Wichita The mission statement posted on the Web site of Metro-Boulevard Alternative High School here touts its commitment to the federal No Child Left Behind Act that was designed to make sure children of all races received a good education by monitoring their academic progress.
It states: "To 'leave no child behind' we will create an alternative environment where all students have the opportunity to learn."
But an Associated Press analysis of test scores reported under No Child Left Behind shows Metro-Boulevard school considers none of its students' test scores by racial subgroups.
Neither do four other alternative or special schools in this city: Metro-Midtown Alternative High School, Metro-Meridian Alternative High School, Alcott Academy and Morris W. Levy Special Education Center.
In Kansas, those schools are exempted under a loophole that excludes the scores of racial subgroups if each race's enrollment numbers fall under 30 students. Two years ago, the state raised the cutoff for students with disabilities to 40. The state is now analyzing data to see whether to raise the cutoff for all students to 40, said Alexa Posny, former deputy commissioner for the state's division of learning services.
Educators contend not including those scores would give a more statistically sound picture of how individual schools are performing, but excluding so many minority students may undermine the basic premise of the 2001 No Child Left Behind Act: to hold schools accountable by ensuring that all children, regardless of their race, were actually learning.
The mechanism to do that was by testing their progress by subgroups as whites, blacks, Asians, Hispanics and American Indians. The exclusions are particularly acute in rural Kansas because those smaller schools typically have fewer minorities.
"I don't really think that Kansas is purposefully trying to exclude students nearly as much as trying : to make accurate and true classifications. In any statistical method, the larger the group of students, the more reliable the statistics," said Steve Batt, director of research and assessment at Wichita public schools.

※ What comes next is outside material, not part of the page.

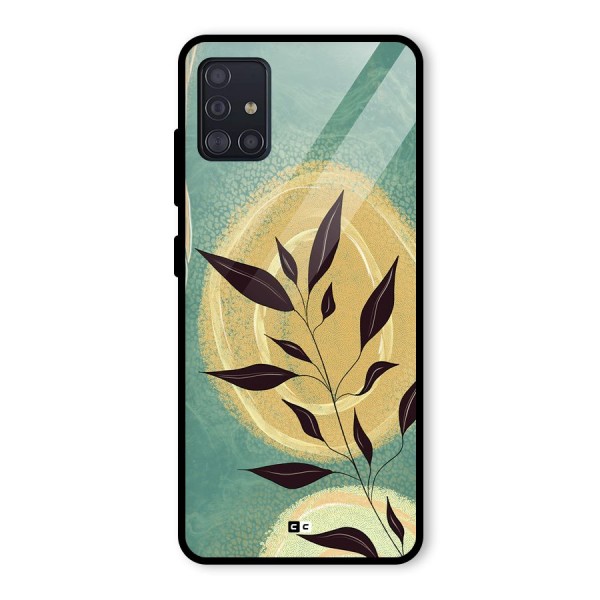 Vintage Leaf Art Glass Back Case for Galaxy A51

Kansas is closing the gap among academic proficiency levels of its racial groups, Posny said. The gap in reading proficiency levels, for example, between black and white eighth-graders has narrowed from 32 percent in 1999 to 20 percent last year.
Last year about 81 percent of white eighth-graders in Kansas were proficient in reading, compared with about 61 percent of black students, Posny said. In 1999, the reading gap between the races showed nearly 73 percent of white eighth-graders were proficient in reading, compared with 40.5 percent of blacks.
Wichita, the state's largest school district, reported all student scores to the state and used them all in preparing overall "adequate yearly progress" on individual schools, school officials said. But those schools where specific minority groups did not exceed 30 students did not count their scores for the purposes of racial accountability, officials said.
At Metro-Midtown Alternative High School, principal Michael Bruce was wary of what the No Child Left Behind Act would do to alternative schools like his that cater to the most academically vulnerable students in the district.
His school isn't large enough to divide any student scores by racial subgroups, but the consequences of failing to meet overall school standards under No Child - such as the loss of school accreditation - loomed large on his mind.
"It's high-stake tests for the educators more than the kids," he said.
To motivate his students, Bruce came up with the idea of offering a quarter credit for students who meet or surpass the achievement test standards. The strategy proved so successful, the entire Wichita school district has since adopted it.
Accountability at issue
At Cessna Elementary School in Wichita, minorities were divided into so many separate racial subgroups that the practical effect was that nearly 33 percent of its test scores were excluded, the data showed. The test scores of all white students are separately monitored, but none of those from minority groups were similarly differentiated under the No Child Left Behind Act.
The issue of racial subgroups in testing is one of accountability under the law, Batt said.
"It doesn't mean those students are not educated or the school does not know how those students are performing," he said.
What is happening with test scores in Wichita is mirrored elsewhere in the state and nation.
In Maize, for example, all schools separately track only the scores of their white students, not minorities, for the purposes of No Child Left Behind, the data showed.
While exclusion of minorities was by far more common, an analysis of state reporting data also showed that in predominantly minority schools it is the white students whose test scores are excluded. That was the case in heavily Hispanic schools such as Sunnyside, Beeson and Wilroads Gardens elementary schools in Dodge City. It happened in Edith Scheverman Elementary in Garden City and in Southland Elementary in Liberal.
In Wyandotte High School in Kansas City, Kan., test scores of black and Hispanics were separately tracked while those of whites and Asians were excluded. In Claude Huyck Elementary, scores of its black students were separately monitored while those of whites, Asians and Hispanics were excluded.